I’m not a doctor. I don’t know. Everyone who has seen Watson throw and run around in a red jersey and decal devoid helmet has had nothing but good things to say about him. However, who knows what to expect from his knee? Like a Texans’ offense that’s supposed to be dramatically different, we really won’t know how Watson looks until week one.

More importantly, this doesn’t take into account the offensive line he’s going to play behind. I do think the Texans’ offensive line is going to be better than most expect it to be, but most are expecting it to be one of the worst units in football. I think it can be mediocre. The interior blocking should be corrected, except for occasional linebacker misses in the run game by Senio Kelemete. The tackle play is still going to be a question. Juli’en Davenport needed to get stronger this offseason; who knows if he did? If Martinas Rankin doesn’t start week one, Houston is looking at Seantrel Henderson at right tackle. Henderson hasn’t played since 2014 and was terrible when he played then. If Henderson starts, he’s probably going to be a Kendall Lamm level of disaster. Even if Watson’s knee is fine, he’s probably going to have to use it often when the year pops off.

5. What would a “regression to the mean” look like for him this season?
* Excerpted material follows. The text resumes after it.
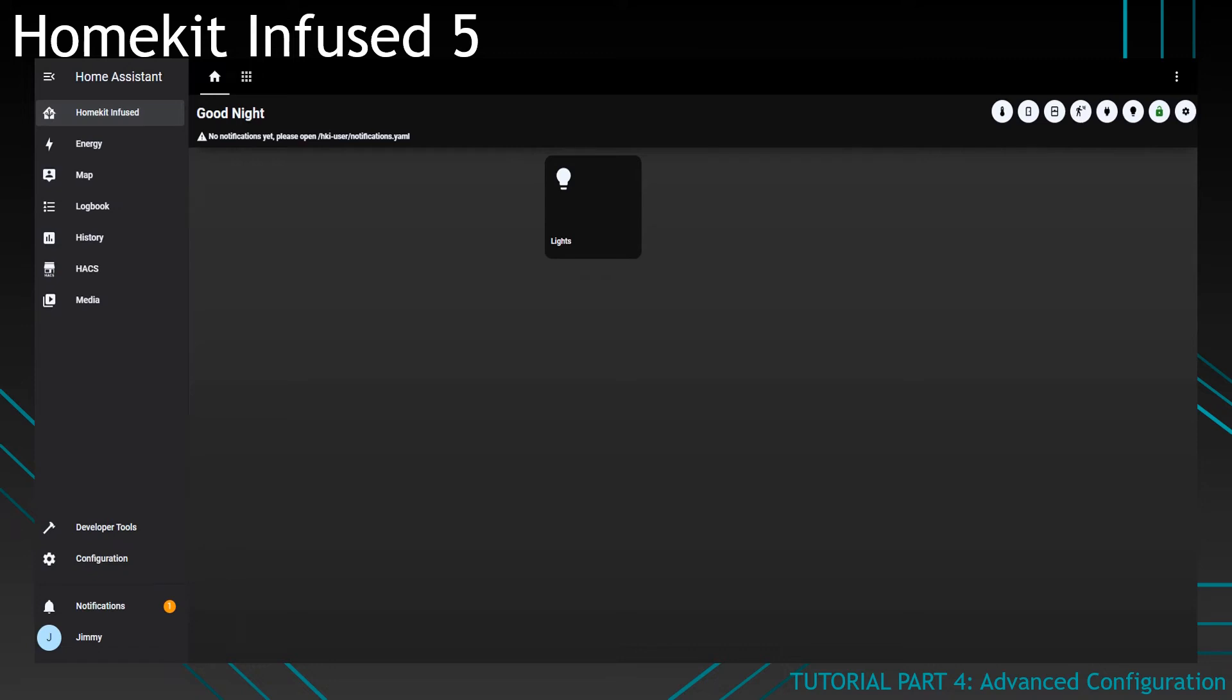Hello YouTube, today I'm going to show you some of the advanced configurations in HomeKit Infused 5. First, I'm going to show you how to set up the header.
For those who believe luck impacted his numbers last season, let’s suppose that he regresses quite a bit in touchdown rate and number of receiver drops. Let’s say that, overall, his production across the board drops a full 20 percent as a sophomore compared to those five games as a rookie. Even in that scenario, Watson would still average more fantasy points per game than any quarterback did last season.

On the other hand, with DeAndre Hopkins and Fuller both healthy and going through a full camp with him as he gets starter reps as he enters his second NFL campaign, there’s a legitimate chance that Watson is just better this season than last. And if so, his “regression” projections could end up looking very similar as a sophomore to what he produced as a rookie.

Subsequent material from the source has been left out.